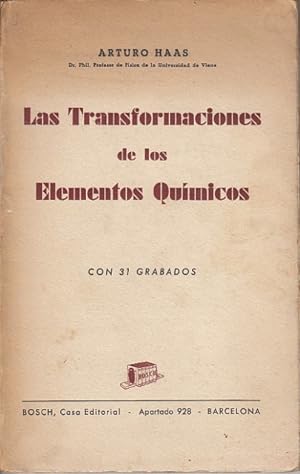 Immagine del venditore per LAS TRANSFORMACIONES DE LOS ELEMENTOS QUMICOS venduto da Librera Vobiscum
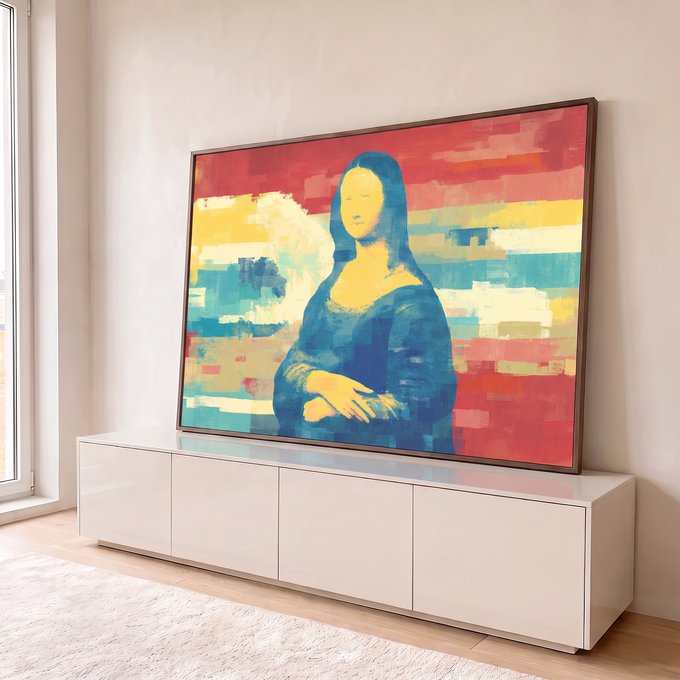 Mona Lisa em azul e amarelo sobre faixas vermelhas e azuis com efeito glitch, quadro decorativo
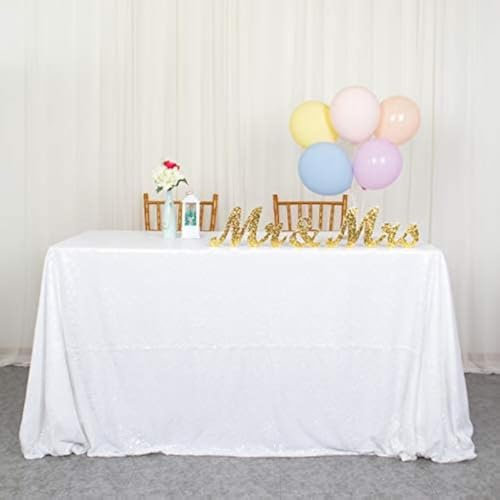 ShinyBeauty Weiße Pailletten-Tischdecke 60x102-Zoll-Rechteck-Tischdecken 6-Fuß-Tischdecke Outdoor-Hochzeitsfeier-Tisch Overlay Weiße Leinen-Bankett-Tischdecke für Geburtstag (150 x 260 cm)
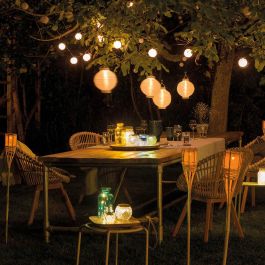 Lumineo Farolillo Solar Blanco Ø 20 cm, Luz Blanca Cálida, Encendido Automático, Batería Reemplazable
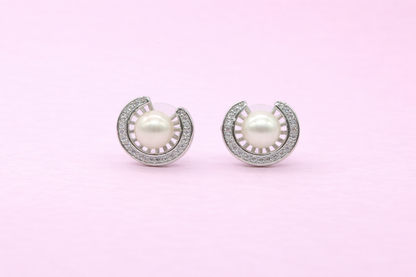 stainless steal with silver polish with diamond & white pearl anti tarnish anti allergic fancy earring for girls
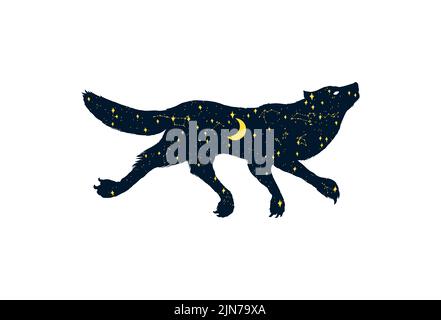 Der Wolf heult den Mond an. Silhouette eines magischen Tieres mit Halbmond und Sternen in der Nacht. Heidnisches Totem. Halloween Icons für Sticker, bedruckt Stock Vektor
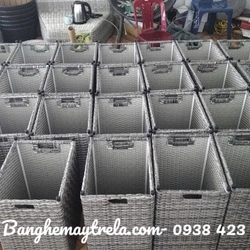 Khay đựng đồ chữ nhật giả mây 443219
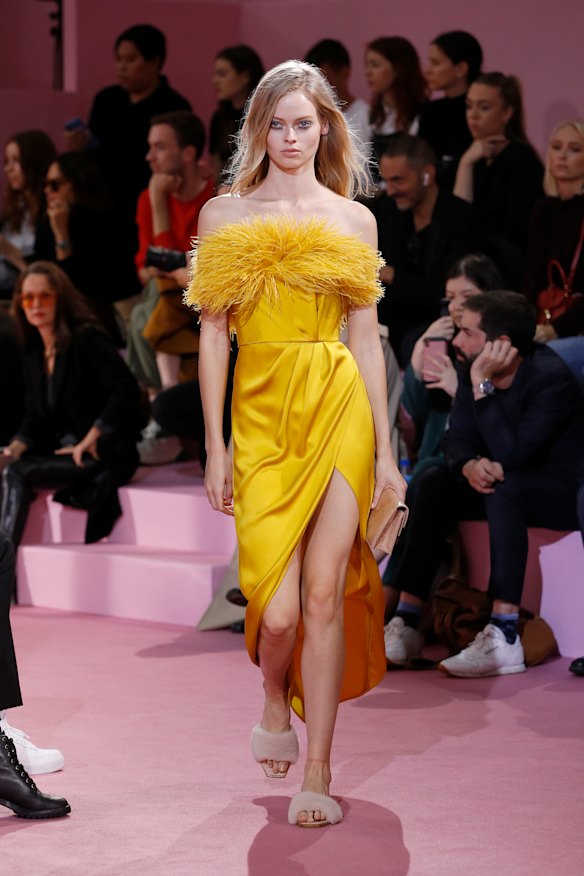 Mellow yellow ... a model for Ralph & Russo at Paris Fashion Week.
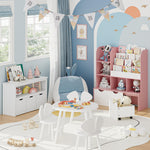 Fotosok 47'' Multifunctional Kids Bookcase with 5 Cubbies and 3 Movable Drawers, Display Stand, Toy Storage for Bedroom, Playroom, Hallway, Pink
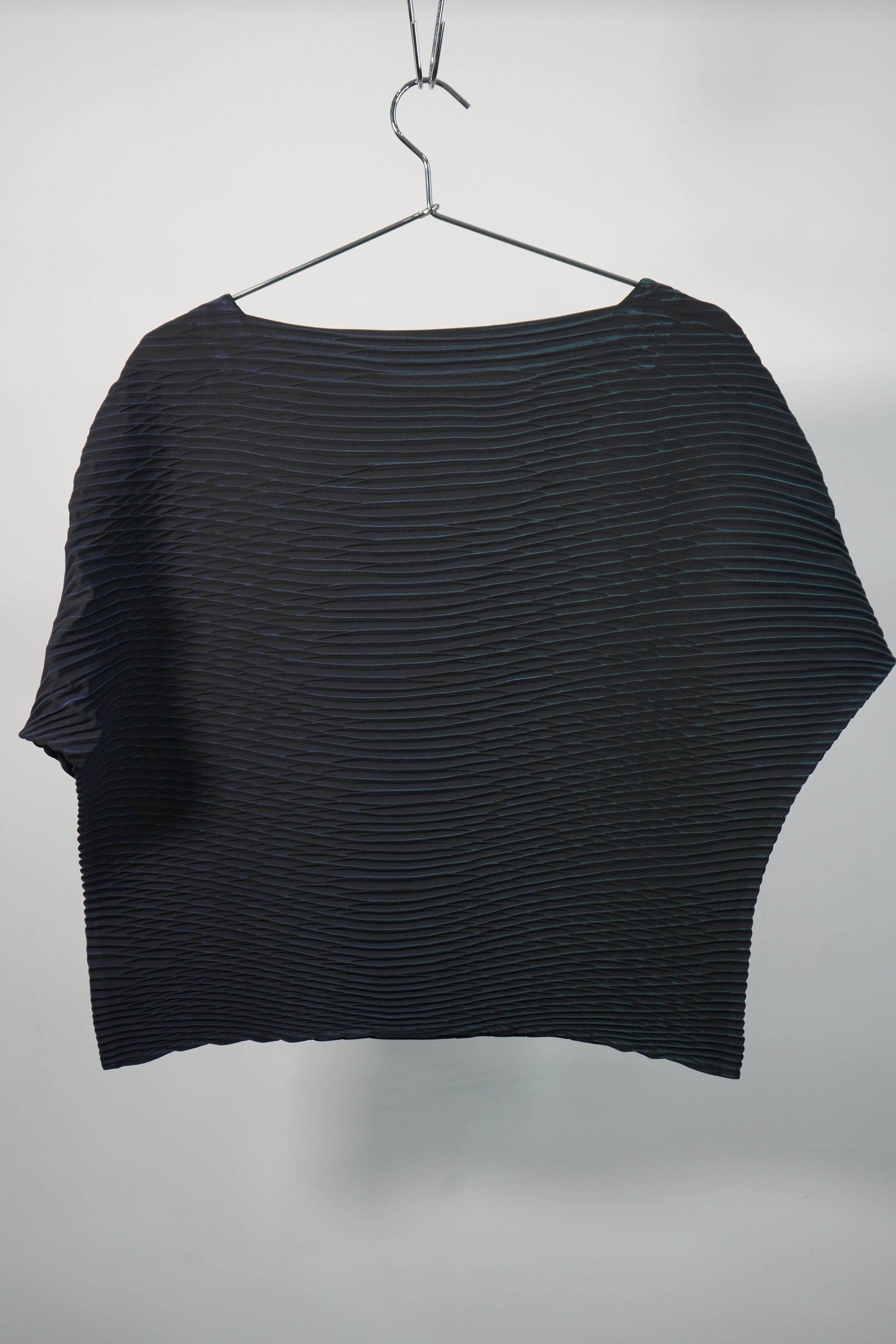 Pleats Please Issey Miyake Pleated Dolman Sleeve Top Black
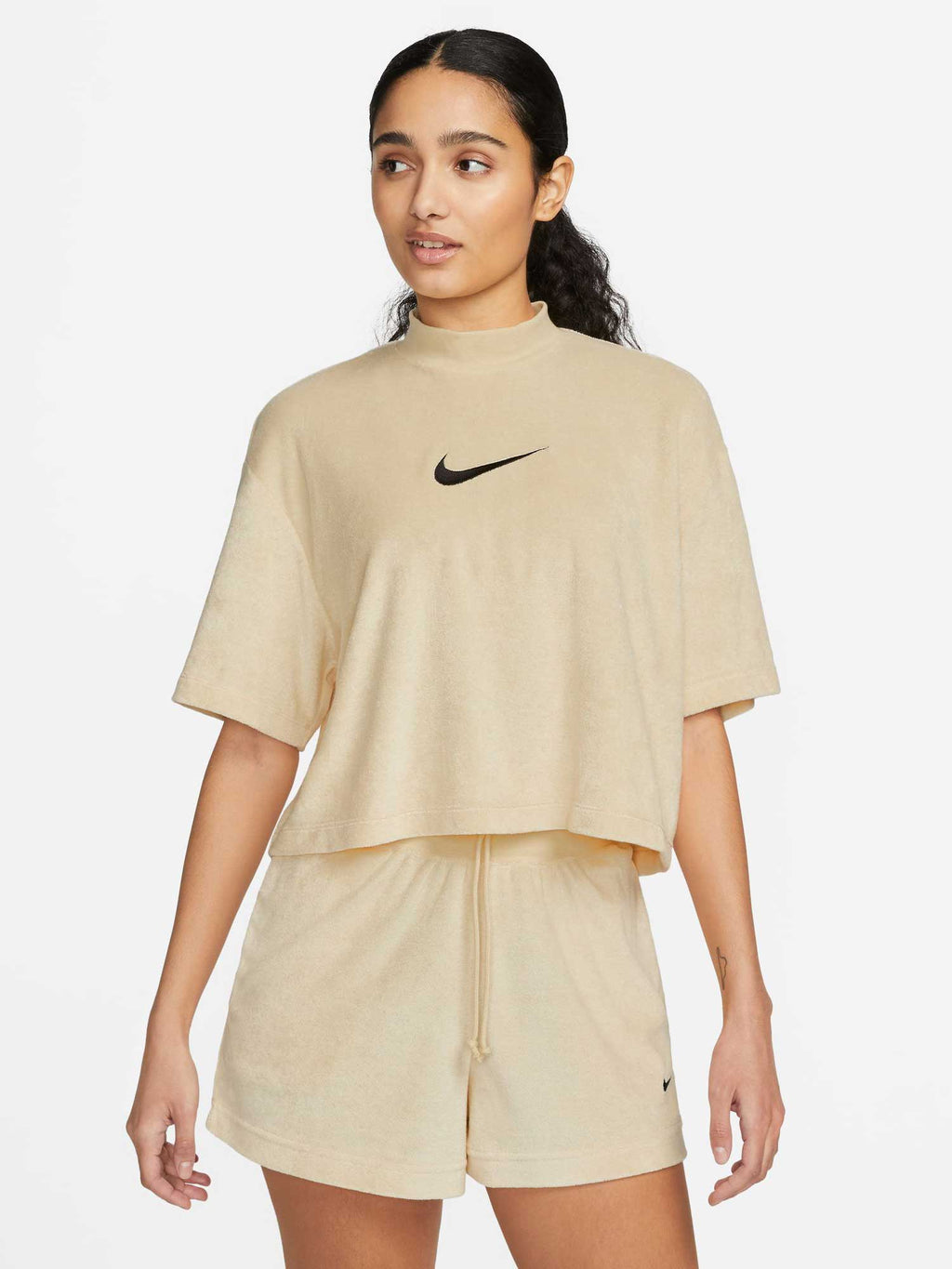 NIKE Тениска W NSW MOCK SS TRRY MS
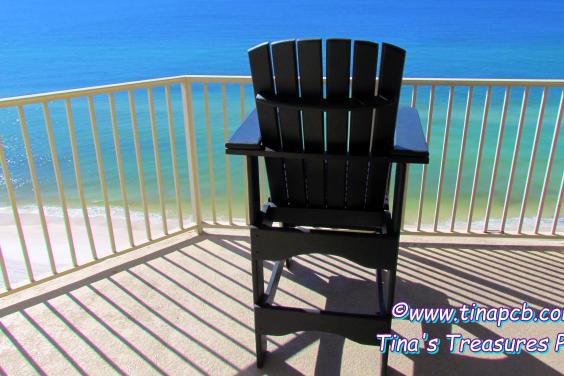 View from our Bar-height Beach Captain Chair on our wrap around balcony overlooking the beach & Gulf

### [Exercise]
Reproduce exactly the lines of the data above that run from the line with "Der Wolf heult" down to the line with "Mellow yellow ...", both ends included. Pictures do not belong in the copy.

### [Exercise output]
 Der Wolf heult den Mond an. Silhouette eines magischen Tieres mit Halbmond und Sternen in der Nacht. Heidnisches Totem. Halloween Icons für Sticker, bedruckt Stock Vektor
 Khay đựng đồ chữ nhật giả mây 443219
 Mellow yellow ... a model for Ralph & Russo at Paris Fashion Week.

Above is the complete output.